The hallucinatory visuals aren't merely style for style's sake. Grider explains that Vos needs to "recalibrate" every so often to maintain her control of Colin. It's this piece of information that functions as the main point of tension. As Vos starts to lose control of Colin's body, their inner visions start to morph, collide, and fuse together. At a certain point, we wonder if what we're seeing is from her perspective or his. The film examines themes such as identity, control, loyalty, and obedience, all wrapped up in a plot that calls to mind 'The Matrix', 'Inception' or the underrated 'Gamer'.

Just like his famous father (David), Cronenberg utilises psychosexual deviations and extreme body horror to get his points across. Whether this approach to narrative is successful will partially depend on a viewer's tolerance for unpleasantness. 'Possessor' takes its sex and violence seriously, emphasising that the human body is just as fragile and easily manipulated as the human mind. And by "seriously", I mean there are several stabbings that go on forever and an eye-wateringly graphic instance of a fireplace poker being rammed into somebody's mouth and yanked out, bringing a handful of teeth with it. Vos' job is "wet work", and Cronenberg explores what those two words mean in grotesque detail.

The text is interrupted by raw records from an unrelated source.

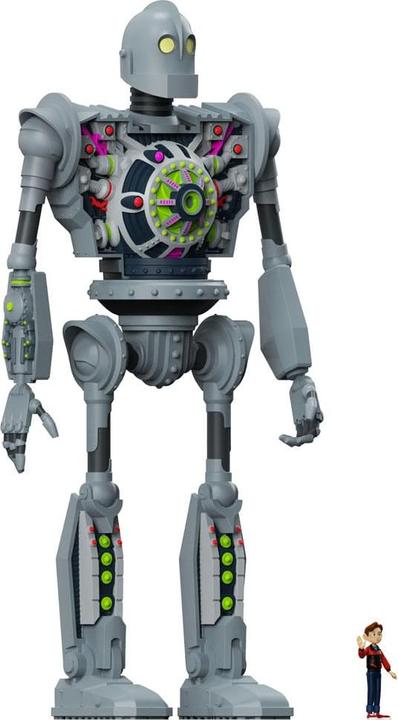 Actual product image Super7 The Iron Giant Super Cyborg Action Figure Iron Giant (Full Color) 28 cm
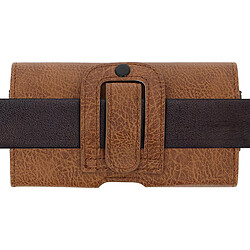 Avizar Étui Ceinture Smartphone Pochette Vintage Clip Porte-cartes Taille 3XL - Marron pas cher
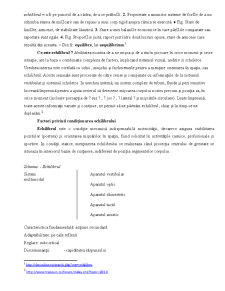 Locul echilibrului în cadrul îndemânării (capacităților coordinative), fundamentele anatomo-fiziologice și mijloace de acționare - Pagina 2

He's aided by Andrea Riseborough and Christopher Abbott, who both give tremendous performances. Riseborough shows how Vos has been burnt out by the job but can't escape it, exuding exhaustion along with her willingness to participate. She's thin, with haunted eyes and a face that is almost translucently pale - her veins visibly bulge against her skull during the transferal of her consciousness. Not only is she gradually losing her humanity, but she looks like she's literally fading from this plane of existence.

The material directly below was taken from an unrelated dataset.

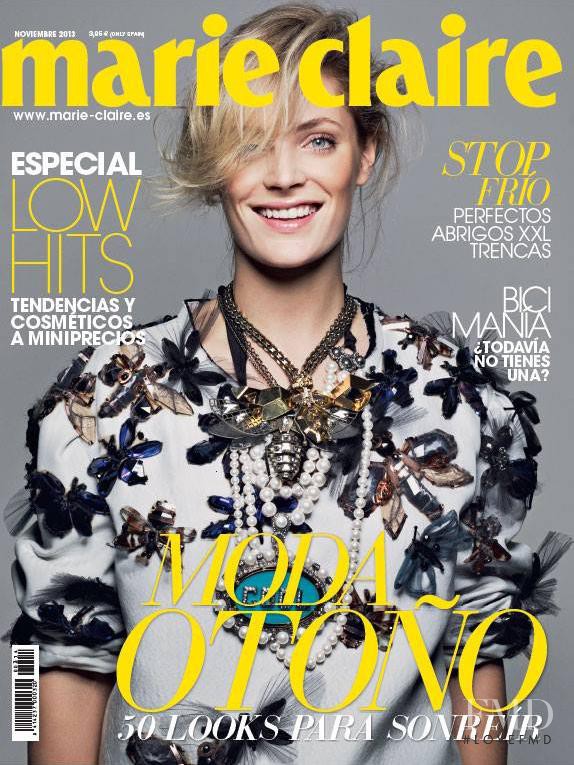 Leah de Wavrin featured on the Marie Claire Spain cover from November 2013
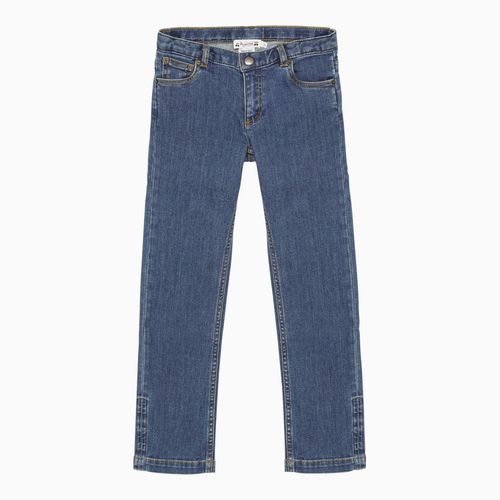 Jeans regolare blu in denim - Bonpoint - Modalova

Abbott has the tricky role of playing minds sharing a single body. Not only does he have to translate Vos' weariness when she is inside of him, he also has to portray Tate's growing fear and frustration that his body is acting separately from his control. He has to be man and woman at the same time, and he plays both sides equally well. One of the many freaky moments is when Vos has to recalibrate Tate's mind, and we watch Abbott run through all of his emotions. Another is Tate staggering through Vos' life while wearing an ill-fitting Andrea Riseborough mask.

The Cronenberg name is tightly associated with the body horror genre, and rightfully so. 'Possessor' feels like a fever dream, delivering unsettling violence, thought-provoking creativity and remorseless direction. Its revelations about the monsters within, summed up in its shockingly grim climax, have a lasting resonance.